Information
════════

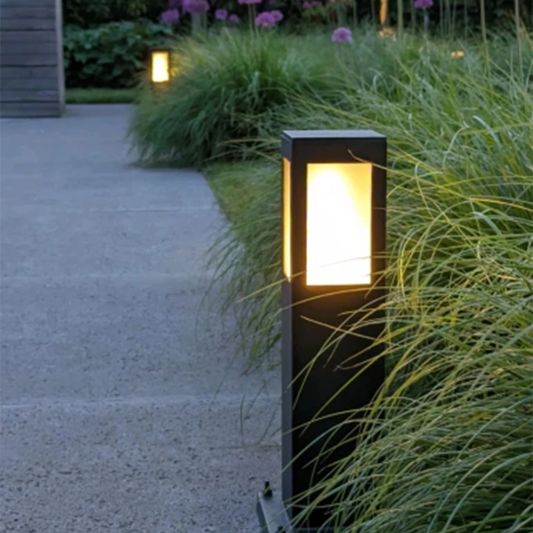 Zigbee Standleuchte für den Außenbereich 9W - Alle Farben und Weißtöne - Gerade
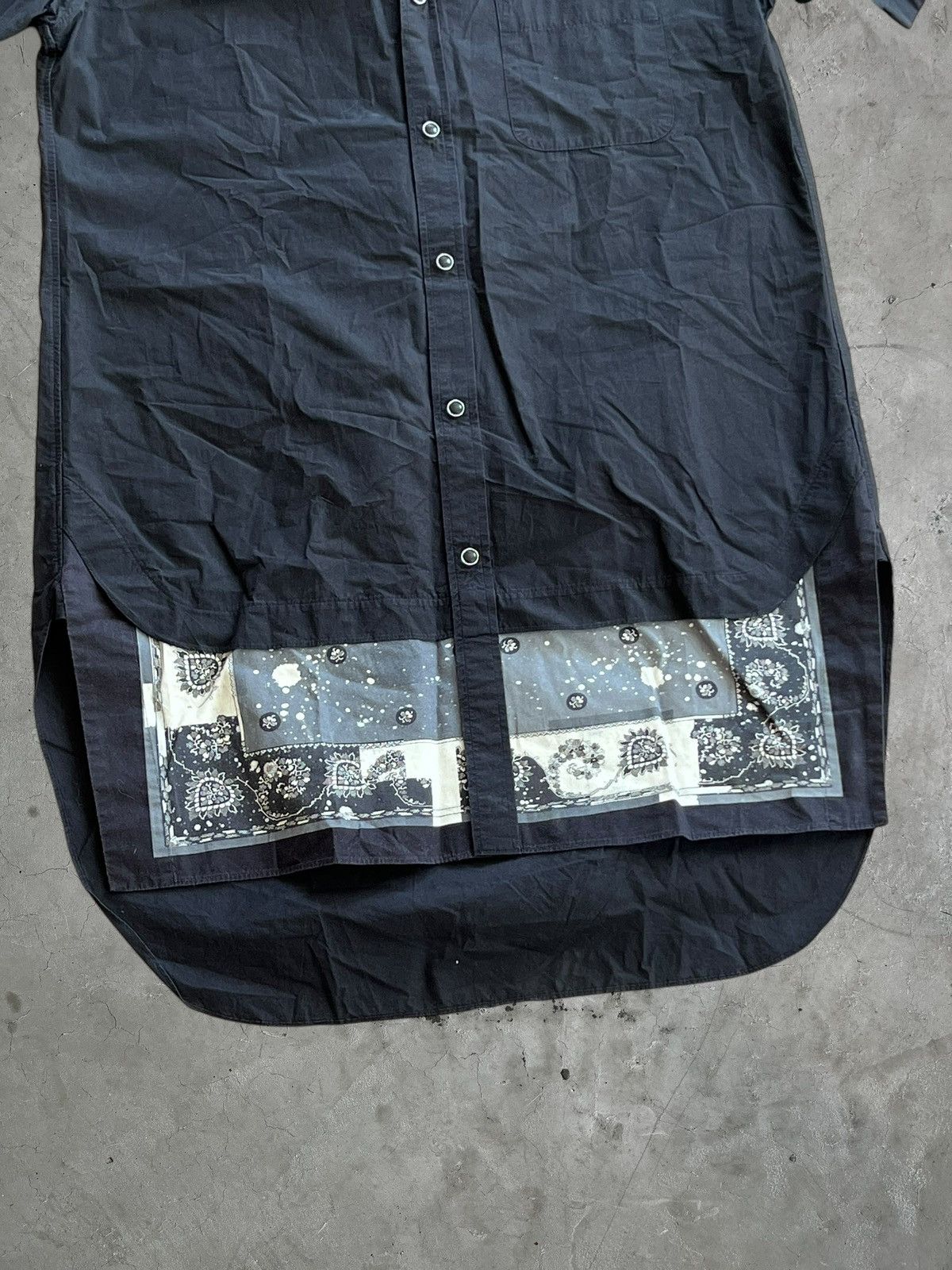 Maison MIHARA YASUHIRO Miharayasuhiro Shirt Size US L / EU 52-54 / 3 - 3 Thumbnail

════════

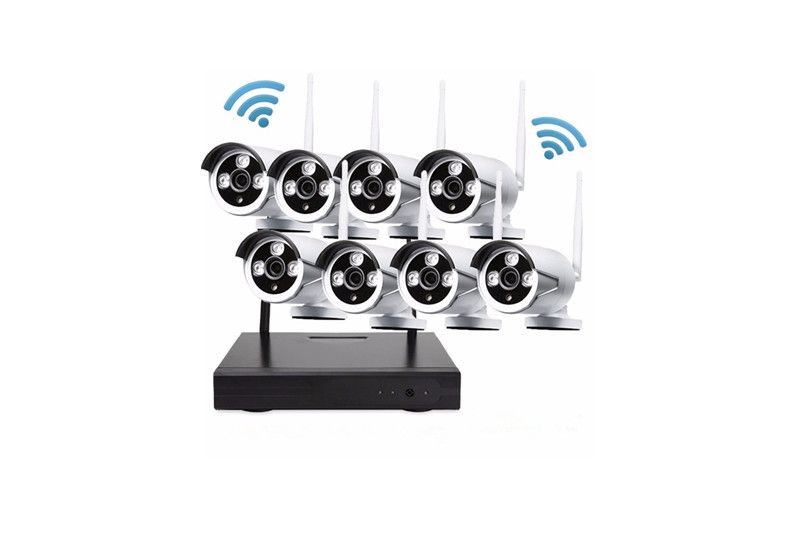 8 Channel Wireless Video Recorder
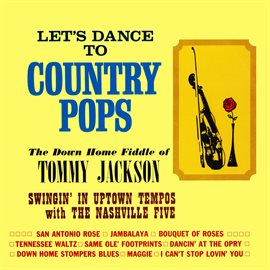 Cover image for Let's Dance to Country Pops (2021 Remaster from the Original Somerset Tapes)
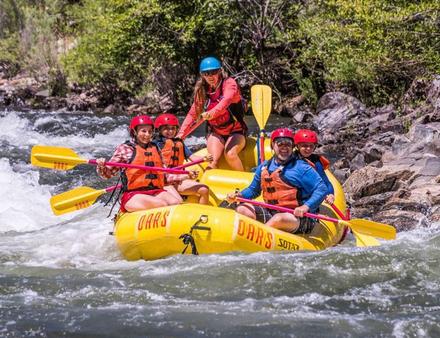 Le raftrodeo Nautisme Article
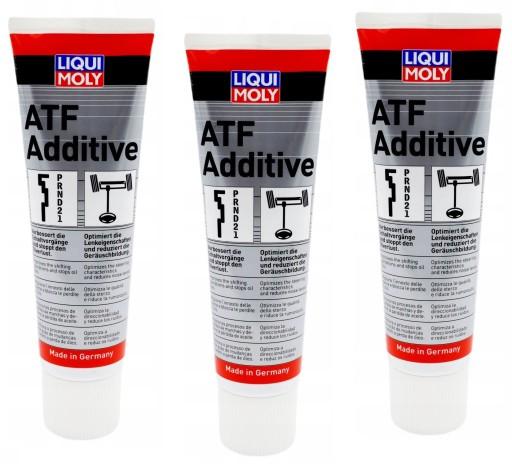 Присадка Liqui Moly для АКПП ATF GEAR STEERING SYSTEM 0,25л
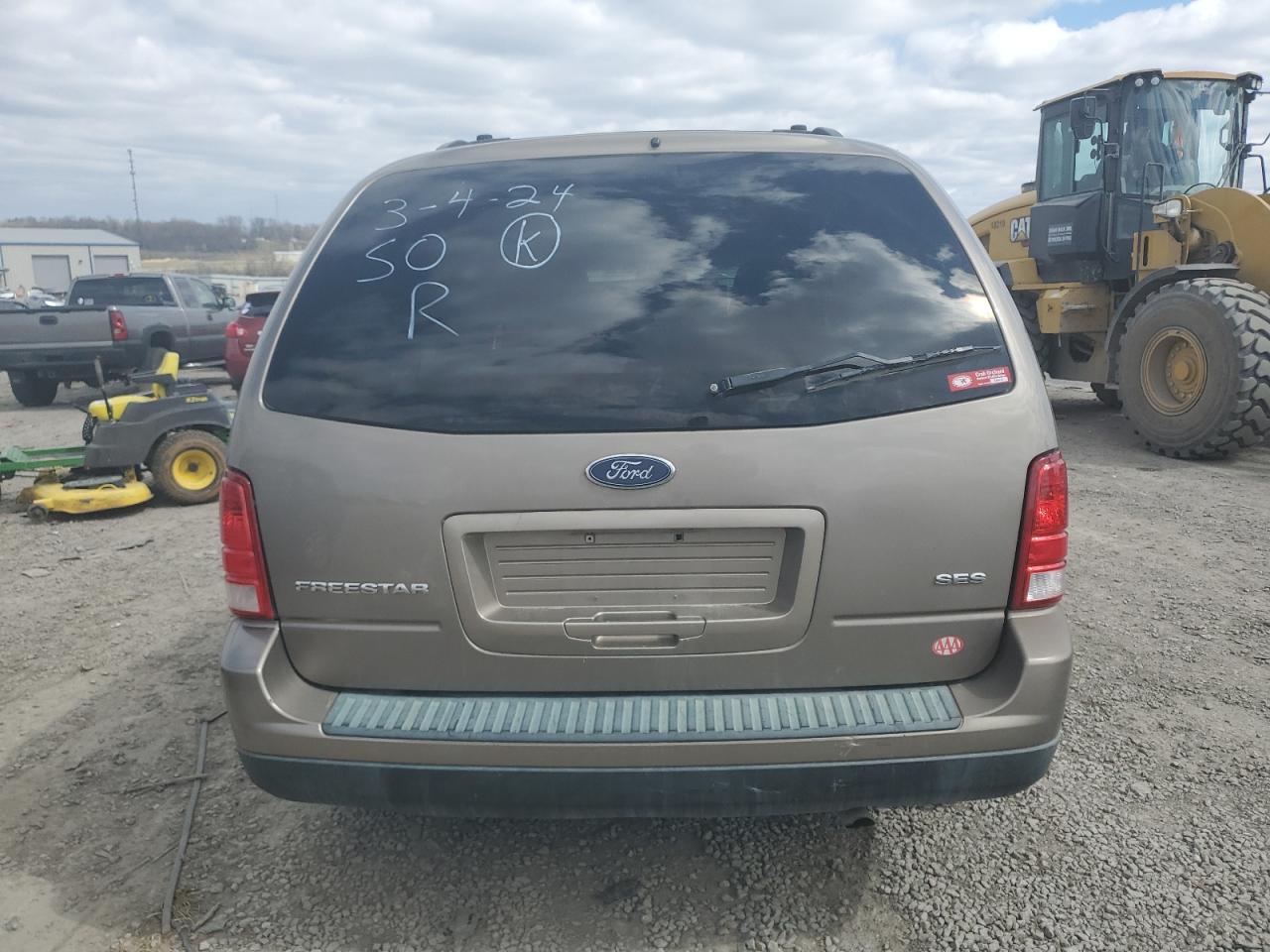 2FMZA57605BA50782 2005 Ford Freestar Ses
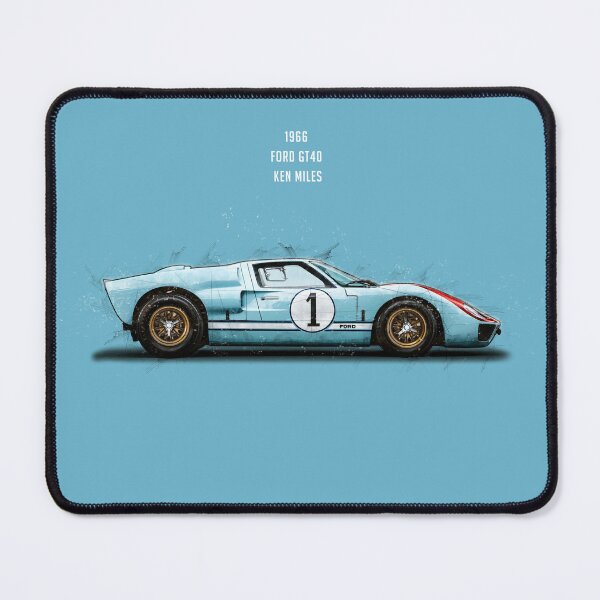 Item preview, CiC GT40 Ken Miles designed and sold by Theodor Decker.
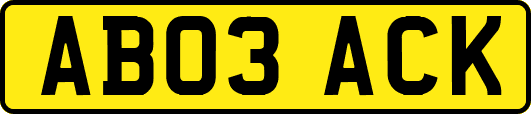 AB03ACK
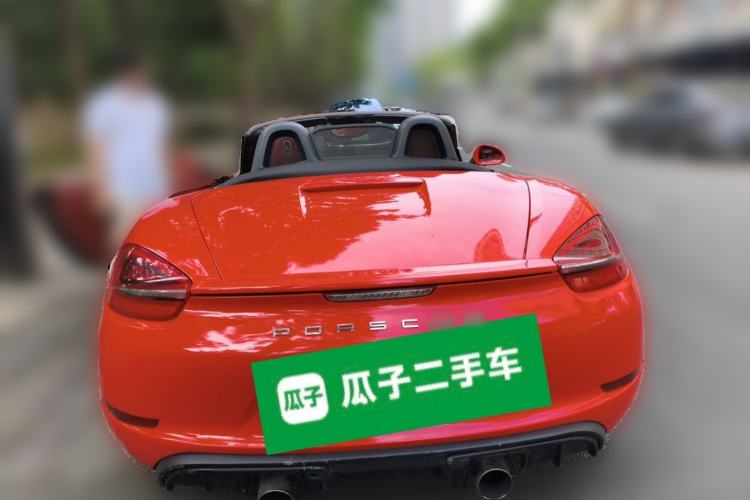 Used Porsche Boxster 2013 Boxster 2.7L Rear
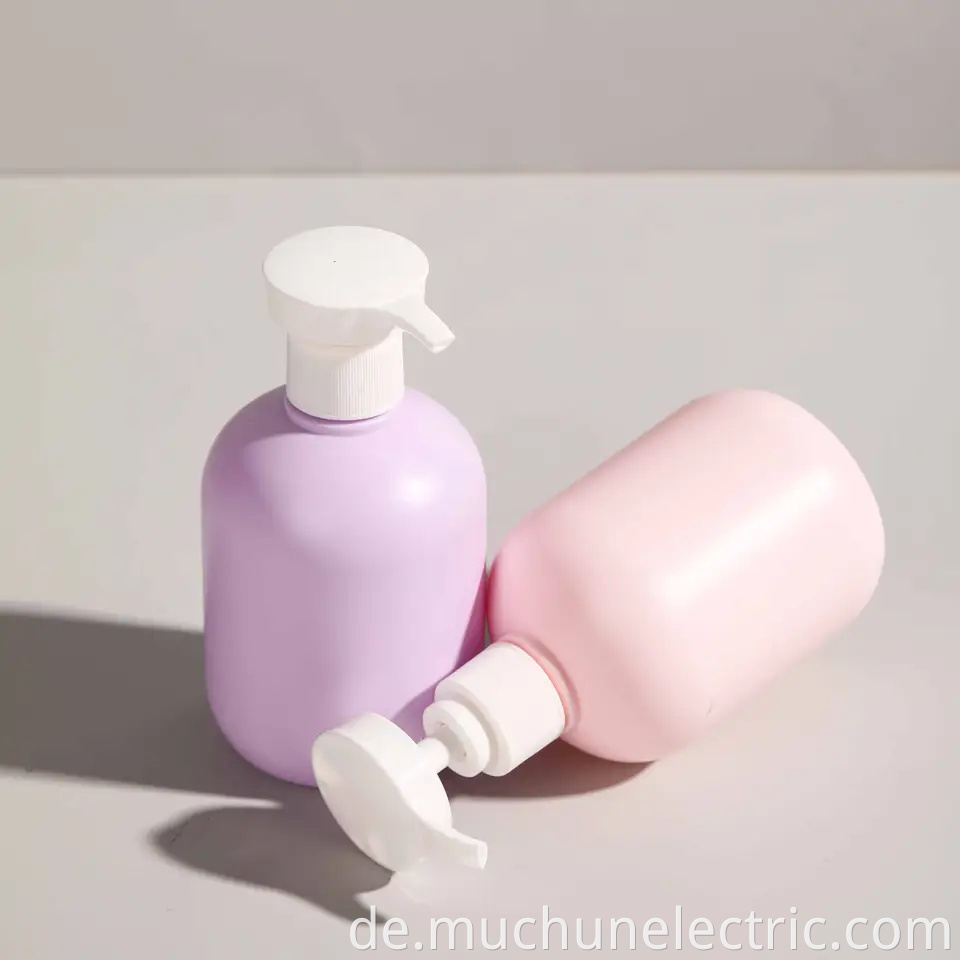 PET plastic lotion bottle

════════

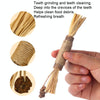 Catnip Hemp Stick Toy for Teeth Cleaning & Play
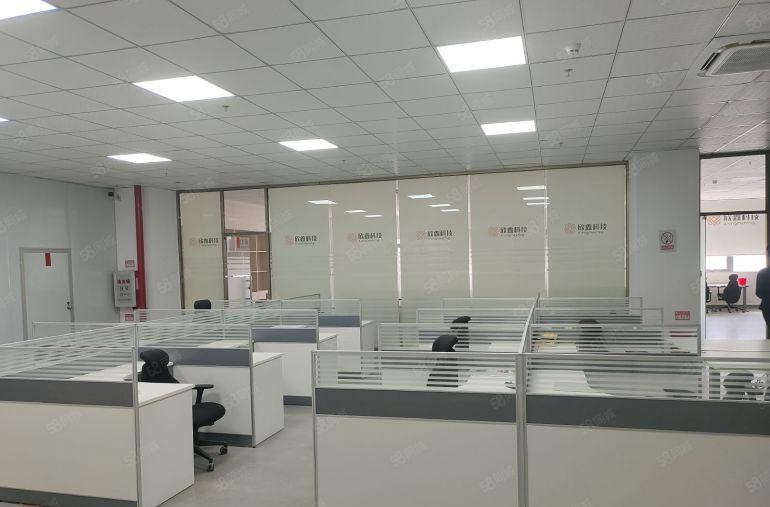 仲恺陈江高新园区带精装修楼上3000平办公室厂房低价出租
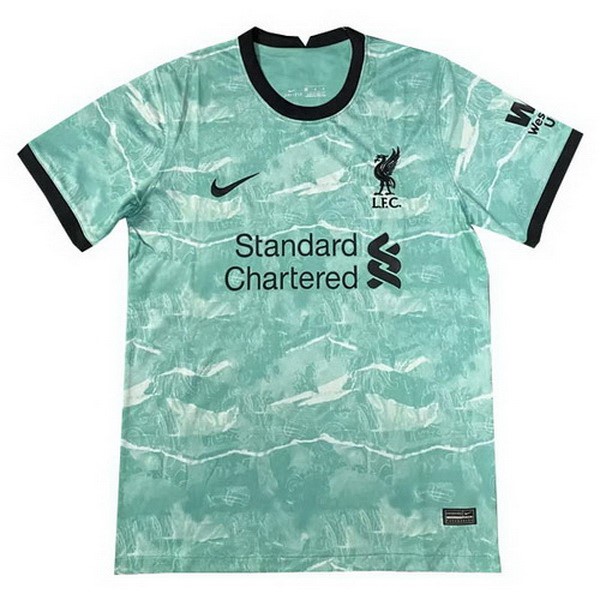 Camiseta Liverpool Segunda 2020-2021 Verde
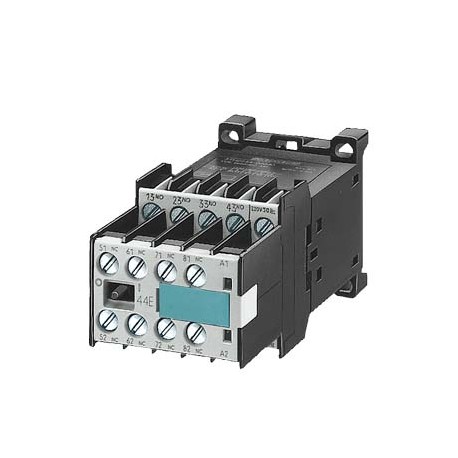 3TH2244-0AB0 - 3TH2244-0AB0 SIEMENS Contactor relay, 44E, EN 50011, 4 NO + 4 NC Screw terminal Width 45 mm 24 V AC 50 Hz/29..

════════

Task instructions
Lines from the one above containing "2FMZA57605BA50782 2005 Ford Freestar Ses" down to the one containing "PET plastic lotion bottle" should be transcribed exactly, with both ends kept and no pictures.

Answer box
 2FMZA57605BA50782 2005 Ford Freestar Ses
 Item preview, CiC GT40 Ken Miles designed and sold by Theodor Decker.
 AB03ACK
 Used Porsche Boxster 2013 Boxster 2.7L Rear
 PET plastic lotion bottle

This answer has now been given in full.